Political economy, by contrast, aims to explain all legal phenomena in terms of the self-interest of agents. This analytic strategy precludes a Hartian account of law; legal rules cannot play any role in the explanation of behavior of either private individuals or public officials because no agent has the relevant internal attitude towards the rule. An individual faced with a choice considers the costs and benefits that each option presents to her. These costs and benefits will include “legal costs and benefits” but these costs and benefits are not determined by rules; they are the result of the incentives that private and public officials face. Rules are only rules of thumb that express the response of average individuals under normal circumstances to particular events. Which rules of thumb are used, of course, may greatly affect the social equilibrium achieved in a particular jurisdiction.
Political economy thus seeks a concept of governance that relies only on incentives; it consequently denies the existence of legal systems in Hart’s sense. It might nonetheless acknowledge a different concept of law. Some political economists, for example, suggest that legality in the sense of an impartial “rule of law” promotes economic growth. The political economist then might identify law or legal systems as those governance structures that realize such a rule of law (in given circumstances). The political economist, then, might adopt two related concepts. The first concept of a governance structure is an explanatory one; it characterizes the mechanisms of social governance in terms of the degree of institutional differentiation and the mechanism of bureaucratic control within these institutions. The second related concept is normative. It identifies a value that a governance structure might realize. Call this value legality. The concept of law is thus a normative one; that identifies the value of legality. The social scientist then seeks to identify conditions under which specific governance structures will realize the value of legality.

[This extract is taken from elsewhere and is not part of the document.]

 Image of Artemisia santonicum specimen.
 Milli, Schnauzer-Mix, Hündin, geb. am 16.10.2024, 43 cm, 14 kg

Traditional approaches to law treat legal rules as normative, i.e., as giving citizens reasons for action. These approaches present two philosophical questions: what is the nature of the reasons for action that law gives? and do individuals have a general obligation to obey the law? The first question is generally understood as asking whether a legal rule provides a moral reason for action. The second question has been extensively examined in the legal and philosophical literature. Murphy (2014) provides a clear perspective on this literature.
Claims (IV) and (V) assert that individuals respond to legal rules in an economic way. On standard economic accounts, an economic response is a prudential rather than a moral response. Legal rules, on the economic account, thus do give individuals reasons to act but they are not regarded as moral reasons. A traffic sign designating a street as within a school zone both indicates that children may dart into the street and sets a reduced speed limit. Each of these indication provides the agent with reasons for action. The rule thus affects the agent’s behavior by affecting his beliefs about the likelihood of a causing an injury when traveling at various speeds and his beliefs about the expected costs of different courses of conduct. The sign and the legal rule give the agent prudential reasons for action. Economic analysis of law in its current form thus largely adopts the Holmesian “bad man” theory of law.
Critics of economic analysis of law contend that this failure to address the normativity of law provides ample grounds on which to reject it as an adequate theory of law. This argument, however, does not satisfactorily address two questions.
To understand the first question, recall that, in the projects of policy analysis and political economy, micro-economic theory serves as a positive theory of behavior. For the critics’ objection to apply, then, the normativity of law must have behavioral implications. Legal obligation thus must influence behavior. Whether the economic theory of behavior can accommodate legal normativity must depend on what behavior that normativity induces.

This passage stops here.